I am wondering why the answer is not divided by 2 in this problem since it is an echo that bounces back to the source. In a previous solution for this chapter (#9 I believe) the question has nearly identical wording and structure, but in that problem the solution is divided by two to account for the fact that the sound wave is reflected. I have copied the problem here for convenience: 9. (a) If a submarine’s sonar can measure echo times with a precision of 0.0100 s, what is the smallest difference in distances it can detect? (Assume that the submarine is in the ocean, not in fresh water.)
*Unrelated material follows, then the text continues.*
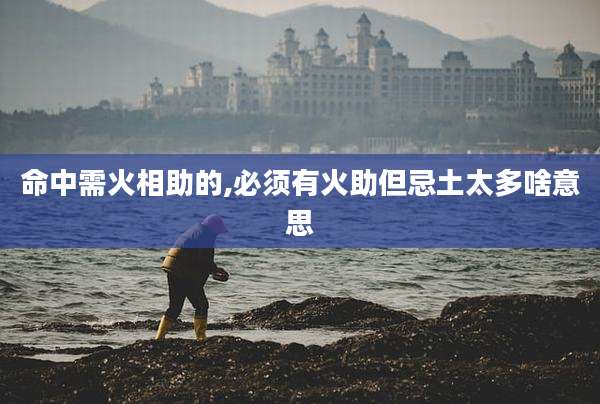 命中需火相助的,必须有火助但忌土太多啥意思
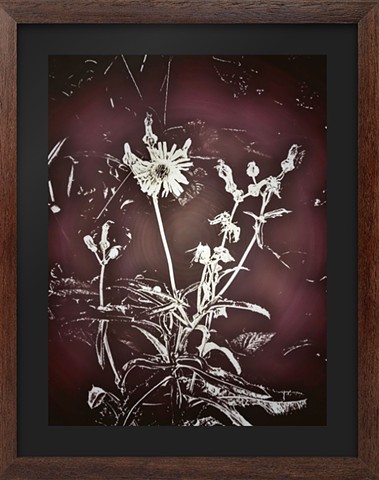 Sunlight static of the stems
That solution involves using the equation 2d=Vwt2d = Vwt to solve for d, however if I use that same method for this problem I get an answer that is 1/2x the correct value. Is there something I am missing in the wording of these two questions?

Thanks!

Hello ts,
Thank you so much for this question. You've uncovered an error! The answer should be divided by 2, as you suggested. I was working with a different (and incorrect) point of view where the resolution was approximately limited to the wavelength, as it is with a microscope. From p. 1312 in chapter 29, the text says "Resolution, or observable detail, is limited to about one wavelength.", but that doesn't really apply here since the bat is using a linear back-and-forth echolocation, not a diffraction limited scenario of a wave passing through an aperture (the door, from this perspective).
I have corrected the final answer and updated the calculator screenshot. I'll replace the video after I've completed all of the remaining even numbered solutions.
All the best,
Shaun